# Introduction

This guide aims at facilitating the use of OpenTURNS through its textual User interface (TUI), by proposing numerous examples of TUI studies.

The presentation of the Use Cases Guide follows the methodology of uncertainty treatment presented in the scientific documentation of OpenTURNS : examples are divided into four steps corresponding to the four steps of an uncertainty treatment study.

The example list presented here is not exhaustive but recovers most of the standard User needs. The TUI enables the User to perform much more functionalities of the openturns python library than those presented here : it is necessary for the User to refer to the complete python documentation of the openturns python library to have the whole list of what is possible to perform.

It is important to note that the python test files given in open source with the code source of OpenTURNS are very useful : they provide to the User an example of the utilisation of each object of OpenTURNS. The User is invited to refer to them : they will surely help him to write his study through the TUI with the right syntax.

In order to write a python file using fonctionalities proposed by the openturns python module, it is necessary to load the module in the python shell. If there is no danger to overload functionalities coming from other python modules, the loading command is :

from openturns import *

Otherwise, if some functionalities of the openturns python module might overload some functionalities coming from other python modules, it is preferable to launch the command :

import openturns

In that second case, each call to an openturns type must be accompagnied by the prefix openturns. For example, to create a NumericalPoint of dimension 2, the command is myNumericalPoint = openturns.NumericalPoint(2).

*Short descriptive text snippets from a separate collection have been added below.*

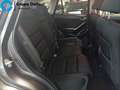 Mazda CX-5 2.2DE Luxury (Navi) 2WD 150 - thumbnail 22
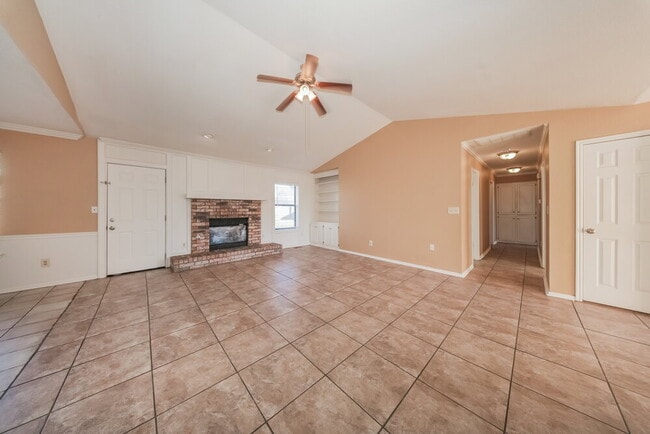 Photo - 2135 Jazzman Dr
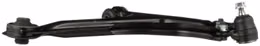 DFP-TC5814, Delphi Control Arms for 1995-2005 CAVALIER, SUNFIRE - TC5814 in UAE, Dubai. Condition - new. Price 300 AED. Photo, seller contacts | AUTO.AE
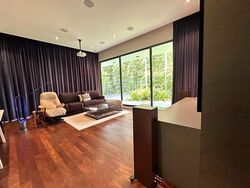Swiss Club Park (D11), Detached #582235781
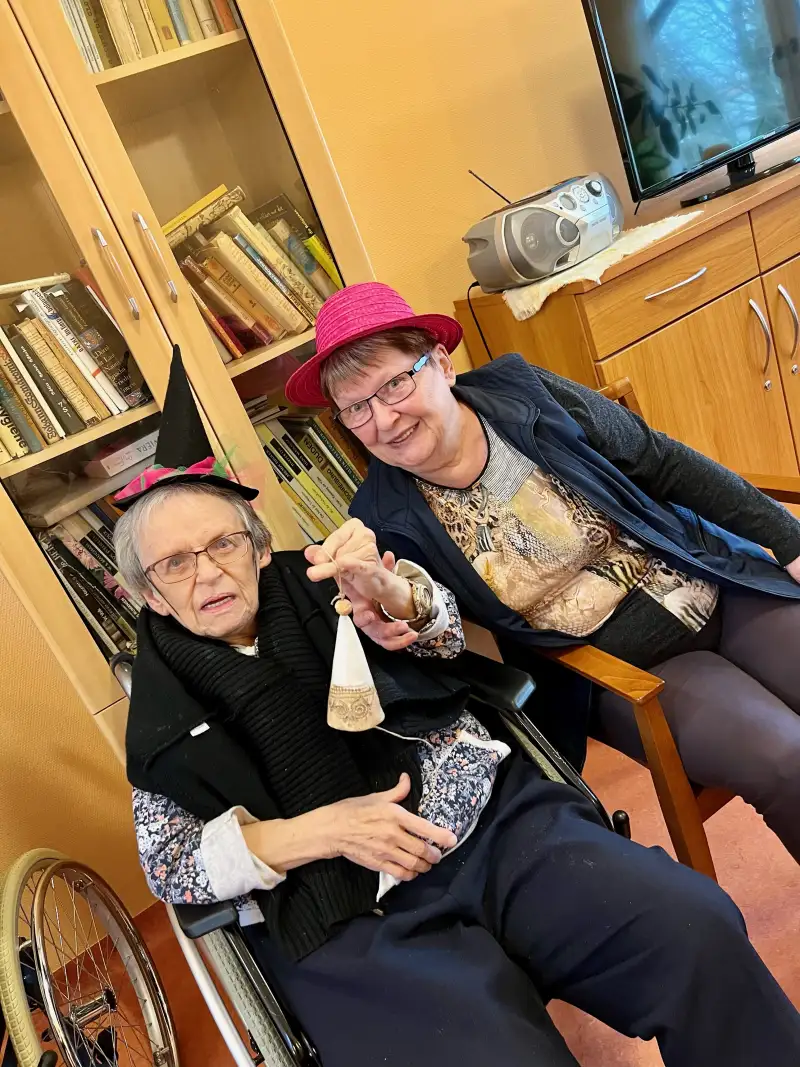 fasching-2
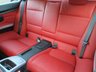 USED 2008 08 BMW 3 SERIES 3.0 325i M Sport Coupe 2dr Petrol Steptronic Euro 4 (218 ps) 19000 MILES 1 OWNER FULL BMW HISTOR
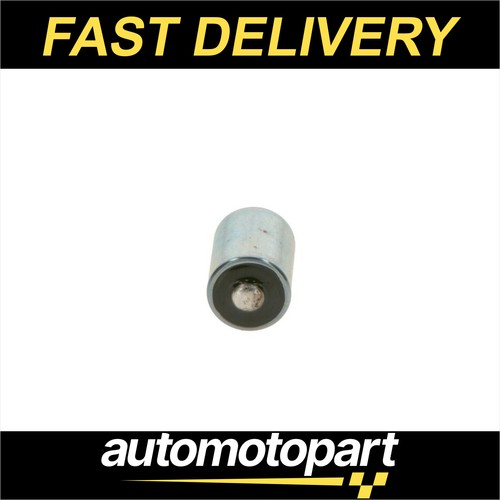 Bosch ignition condenser - bosch,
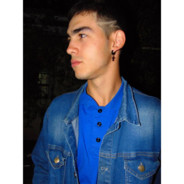 WaldeGames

In order to visualize graphics through the TUI, it is necessary to import the functionality View from the openturns.viewer module, thanks to the command :

from openturns.viewer import View

The command :

dir()

gives a general overview of the whole objects proposed by the openturns python library.

If you want to remove the welcome message that shows the current OpenTURNS version, you can either add the –silent command line option:

python myScript.py --silent

or set the OPENTURNS_PYTHON_SILENT environment variable to some non empty value, e.g.

export OPENTURNS_PYTHON_SILENT=Y

python myScript.py

You can disable the thread-interrupt handler when using ipython by doing:

export OPENTURNS_PYTHON_NO_INTERRUPT=Y

ipython

Note that you won't be able to cancel long calculuses threads for example.

## Verbosity level of the OpenTURNS platform

It is possible to specify the verbosity level of the OpenTURNS platform, through the object Log which contains the internal following variables :

• Log.DBG to catch the messages related the level debug,

• Log.WRAPPER to catch the messages related to the wrapper,

• Log.INFO to catch the messages related to the platform information,

• Log.USER to catch the messages defined by the User,

• Log.WARN to catch the messages related to warnings,

• Log.ERROR to catch the messages related to errors.

By default, the OpenTURNS platform shows all the messages related to the levels DBG, WARN and ERROR.

It is possible to change it by the command Log.Show(). For example to catch the messages related to the level debug, the warnings and information, the command is :

Log.Show(Log.DBG + Log.WARN + Log.INFO)

In order to catch all the possible messages (highest verbosity level), the command is :

Log.Show(Log.ALL)

In order to catch no message (lowest verbosity level), the command is :

Log.Show(Log.NONE)

## Some useful general commands

$⟹$ help command

The command help gives detailed information on each object of the openturns python library. For example, to get information on the object NumericalPoint, the command is :

help(NumericalPoint)

or

help(openturns.NumericalPoint)

according to the way the openturns python module has been loaded.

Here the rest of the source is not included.